**WHAT THE TASK REQUIRES**
Every record should be copied exactly, except that pictures are to be omitted.

**GIVEN DATA**
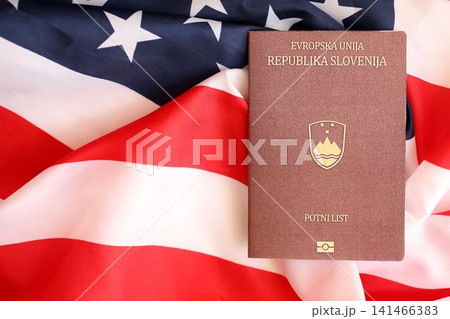 Slovenia passport on big waving flag of United States of America. US Visa and immigration Slovenia passport on big waving flag of United States of America. US Visa and immigration 141466383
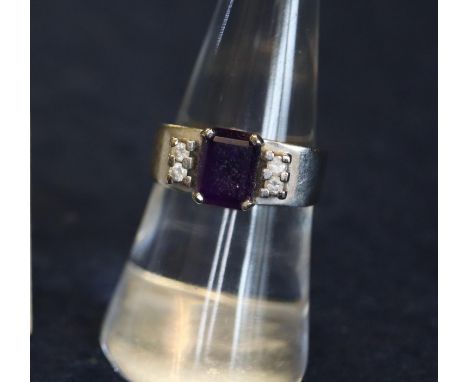 A 14ct white gold amethyst and diamond ring. Ring size M, 5.3g approx. (B.P. 24% incl. VAT)Condition: Centre stone is pockmar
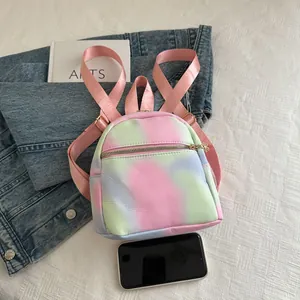 Top view of tie-dye mini backpack with flower zipper puller and pink fabric strap
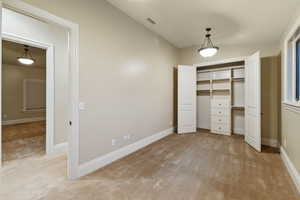 Unfurnished bedroom with light carpet, a closet, and vaulted ceiling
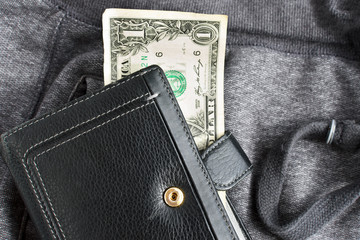 One dollar and a black purse against the gray trousers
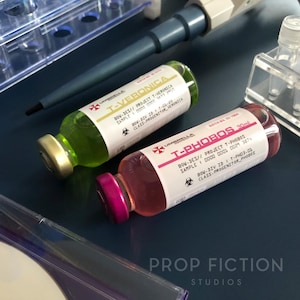 May include: Two laboratory vials, one with green liquid and the other with pink liquid, labelled "T-VERONICA" and "T-PHOBOS". The vials have white labels with black text, including "Umbrella" branding and biohazard symbols. The background includes laboratory equipment.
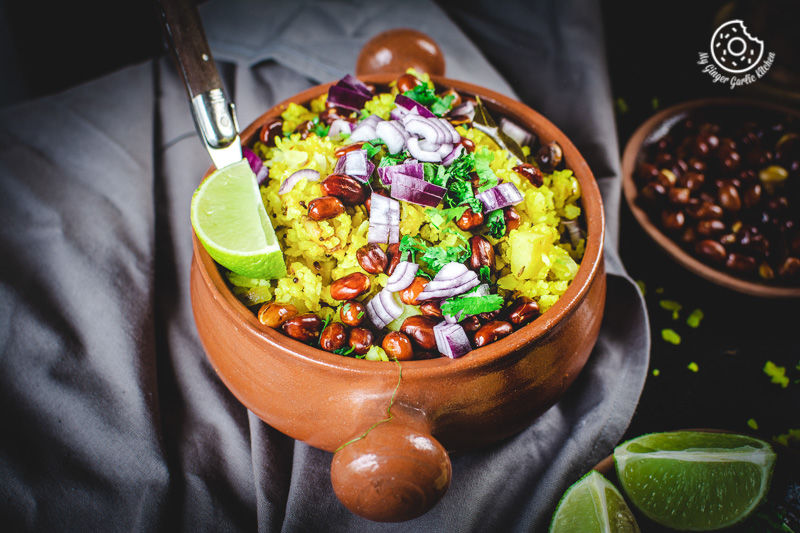 a bowl of aloo poha topped with peanuts, onions and lime wedge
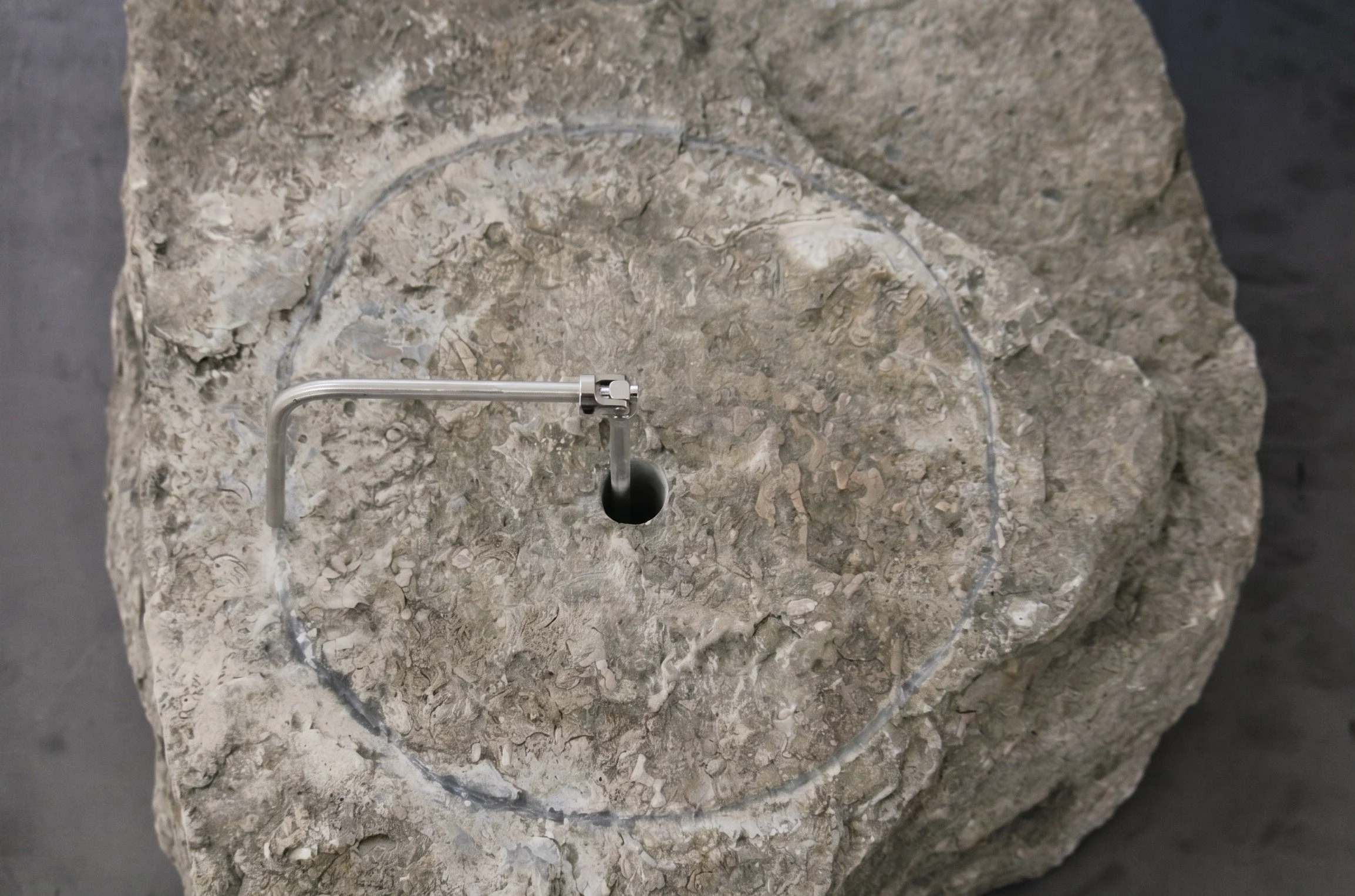 Empreinte de la puissance (Imprint of Power​)(details)​, 2023​. Steel, rock, and motor​ ― 38 × 24 × 15 in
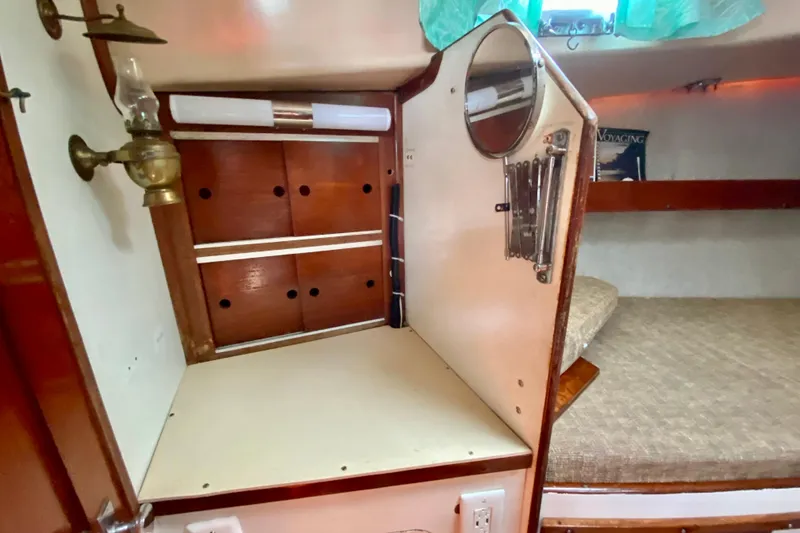 Slide: The Image of Interior of a 1977 Allied Princess Cutter with wooden cabinetry and a cozy sleeping area. - 21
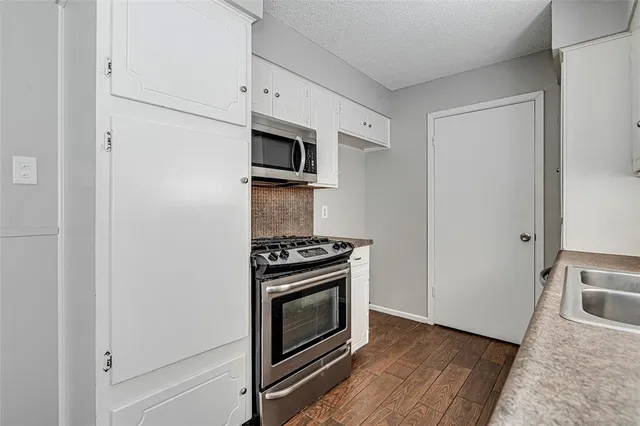 a kitchen with a stove and a microwave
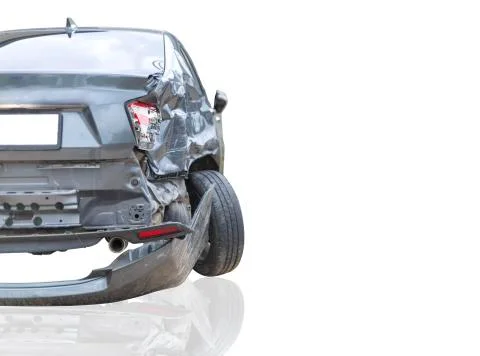 Back side of  gray color car damaged and broken by accident on road parking c Stock Photos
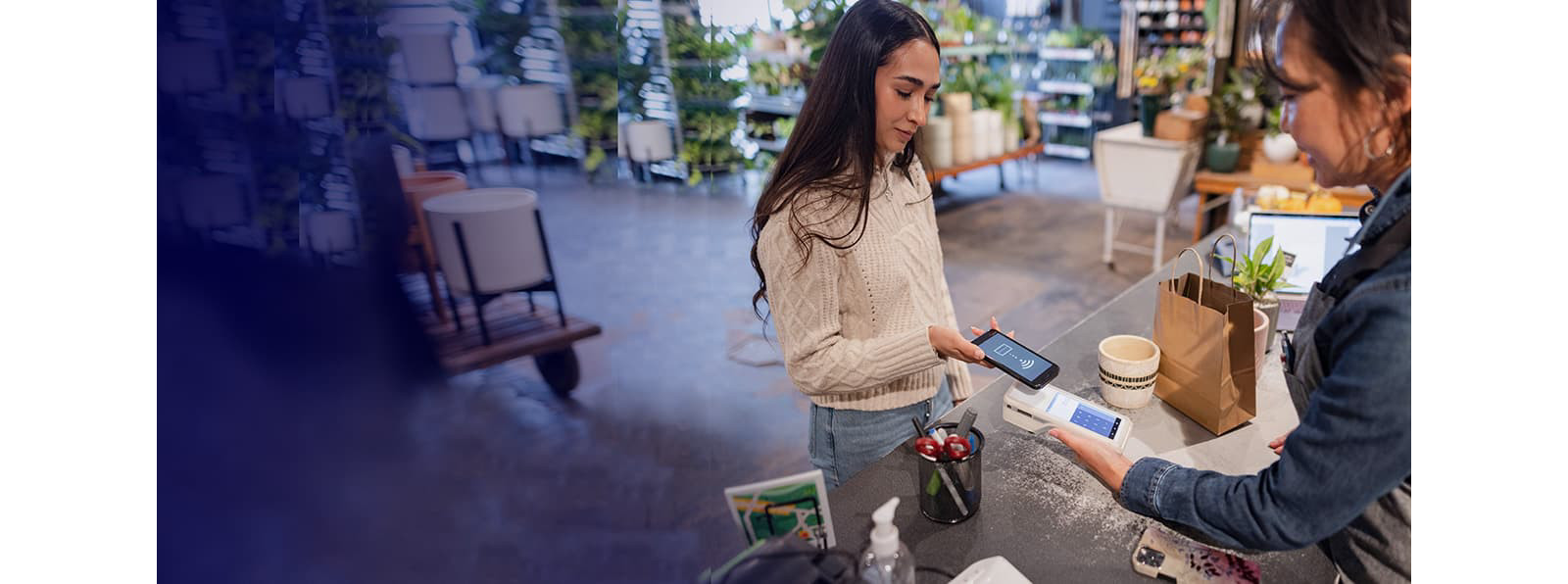 A woman making a digital payment through her mobile phone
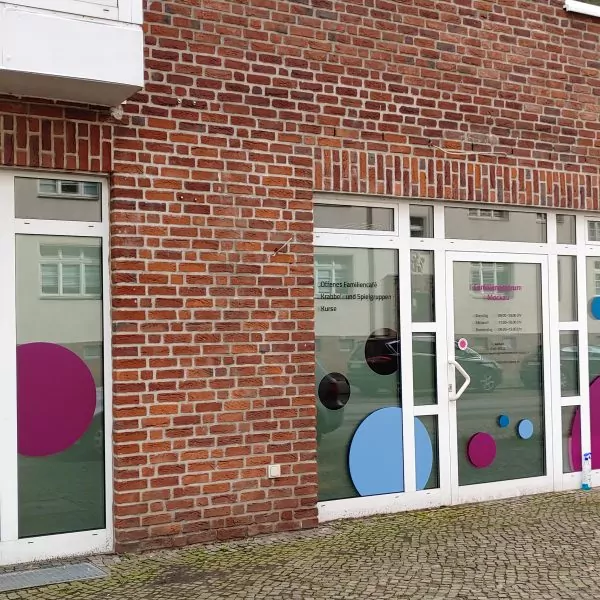 Außenansicht vom Familienzentrum Mockau, die Fenster sind mit bunten Kreisen dekoriert.
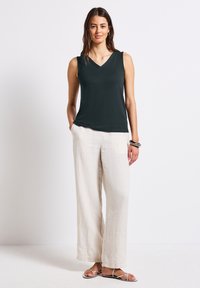 Halenka bez rukávů ve tmavě zelené barvě s výstřihem do V, spárovaná se světlými béžovými širokými lněnými kalhotami. Modelka stojí s jednou rukou v kapse a má na sobě ploché sandály.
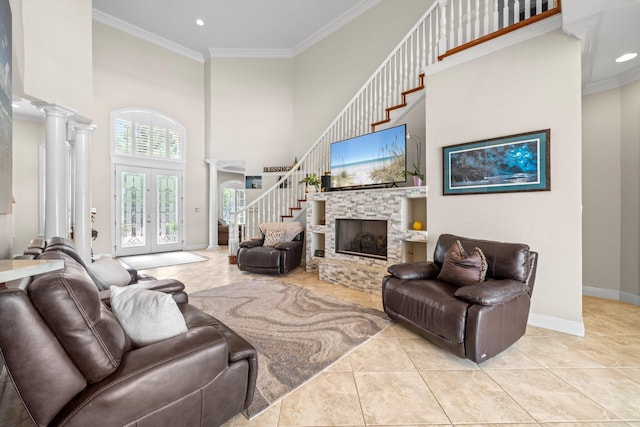 503 Regatta Bay Blvd, Destin, FL 32541 - tiled living room featuring a towering ceiling, stairway, ornamental molding, a fireplace, and ornate columns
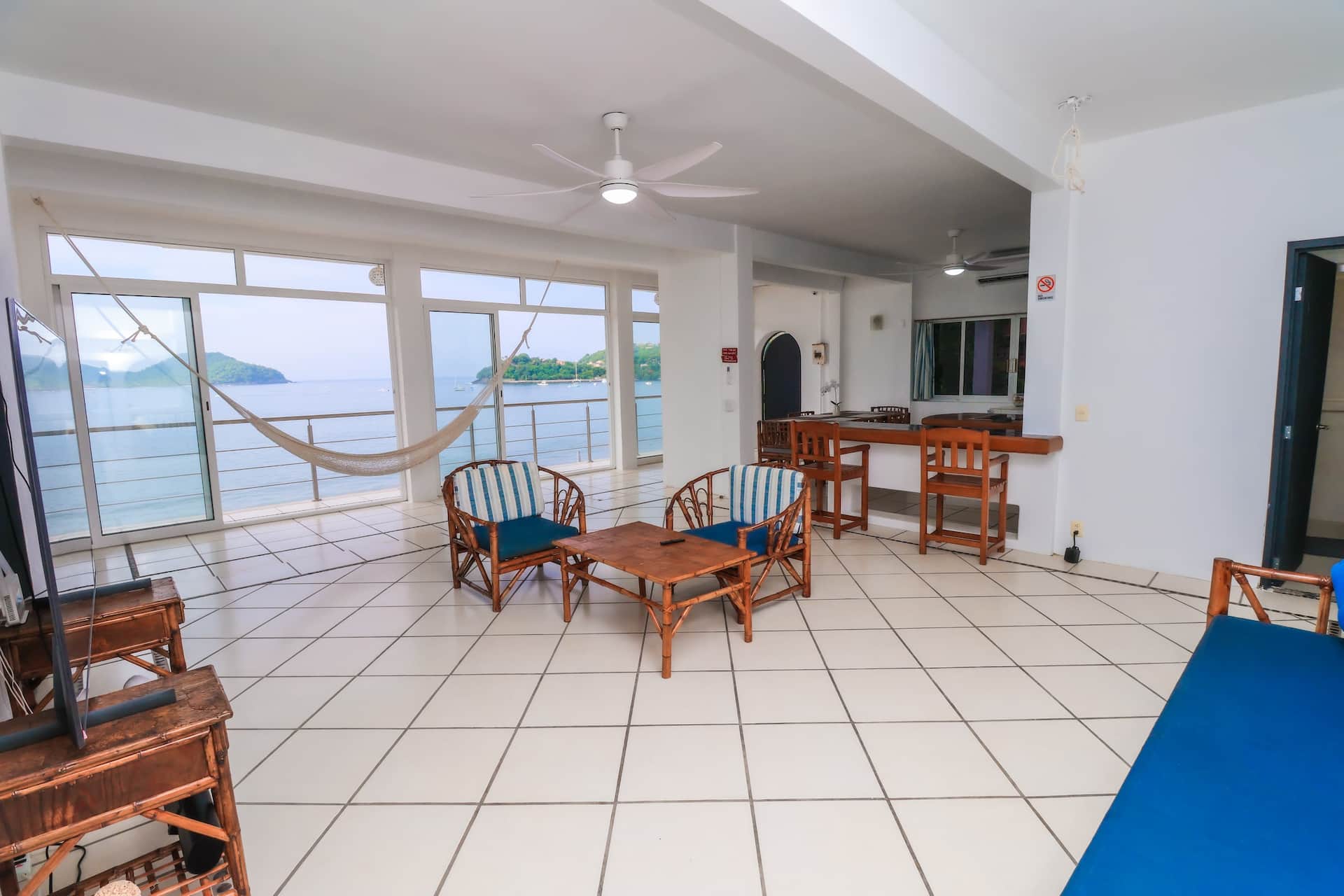 Oasis: open living room with a hammock and the sea beyond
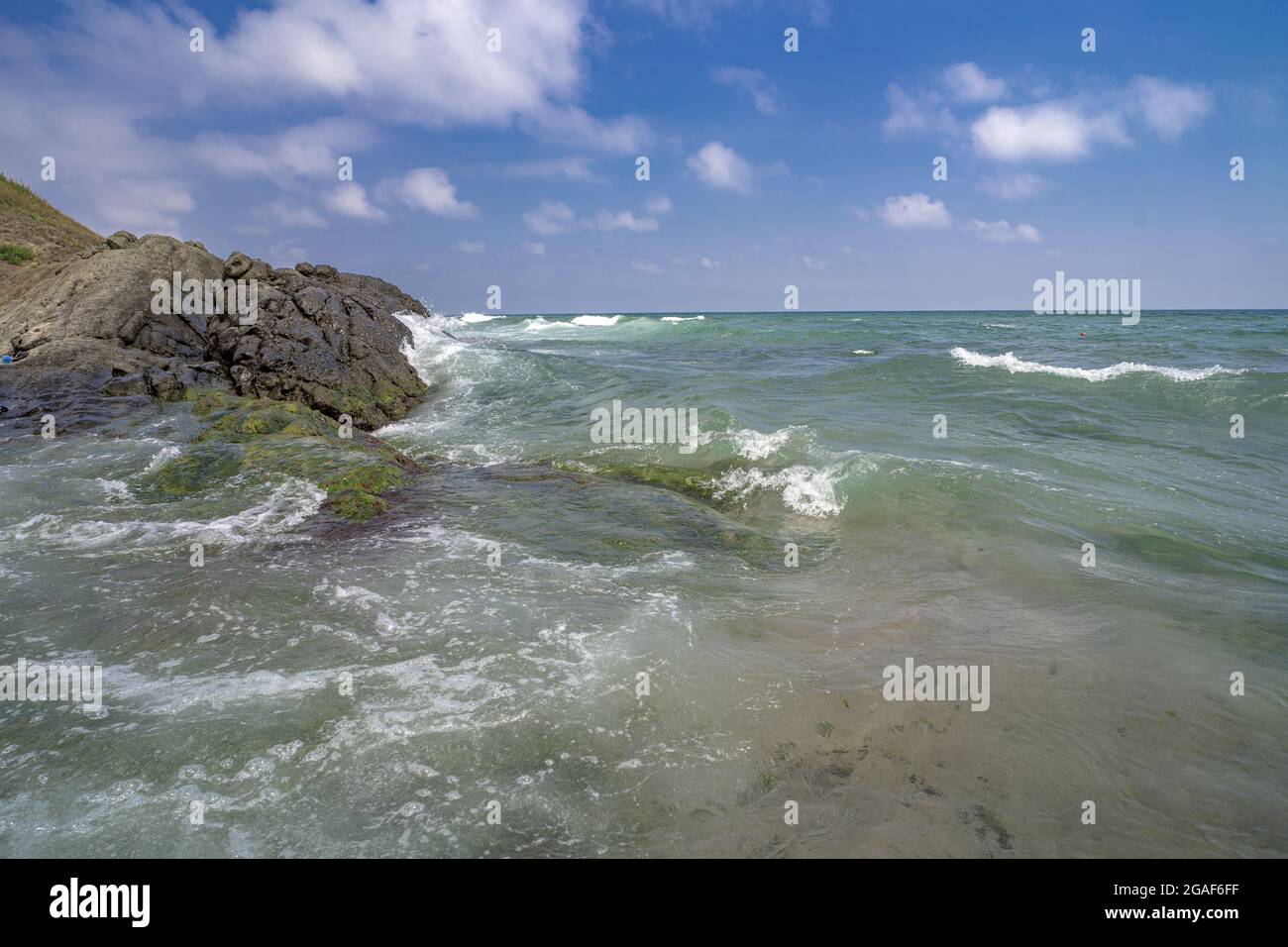 Beautiful view of waves splashing on the seashore Stock Photo - Alamy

**TASK RESPONSE**
 Slovenia passport on big waving flag of United States of America. US Visa and immigration Slovenia passport on big waving flag of United States of America. US Visa and immigration 141466383
 A 14ct white gold amethyst and diamond ring. Ring size M, 5.3g approx. (B.P. 24% incl. VAT)Condition: Centre stone is pockmar
 Top view of tie-dye mini backpack with flower zipper puller and pink fabric strap
 Unfurnished bedroom with light carpet, a closet, and vaulted ceiling
 One dollar and a black purse against the gray trousers
 May include: Two laboratory vials, one with green liquid and the other with pink liquid, labelled "T-VERONICA" and "T-PHOBOS". The vials have white labels with black text, including "Umbrella" branding and biohazard symbols. The background includes laboratory equipment.
 a bowl of aloo poha topped with peanuts, onions and lime wedge
 Empreinte de la puissance (Imprint of Power​)(details)​, 2023​. Steel, rock, and motor​ ― 38 × 24 × 15 in
 Slide: The Image of Interior of a 1977 Allied Princess Cutter with wooden cabinetry and a cozy sleeping area. - 21
 a kitchen with a stove and a microwave
 Back side of  gray color car damaged and broken by accident on road parking c Stock Photos
 A woman making a digital payment through her mobile phone
 Außenansicht vom Familienzentrum Mockau, die Fenster sind mit bunten Kreisen dekoriert.
 Halenka bez rukávů ve tmavě zelené barvě s výstřihem do V, spárovaná se světlými béžovými širokými lněnými kalhotami. Modelka stojí s jednou rukou v kapse a má na sobě ploché sandály.
 503 Regatta Bay Blvd, Destin, FL 32541 - tiled living room featuring a towering ceiling, stairway, ornamental molding, a fireplace, and ornate columns
 Oasis: open living room with a hammock and the sea beyond
 Beautiful view of waves splashing on the seashore Stock Photo - Alamy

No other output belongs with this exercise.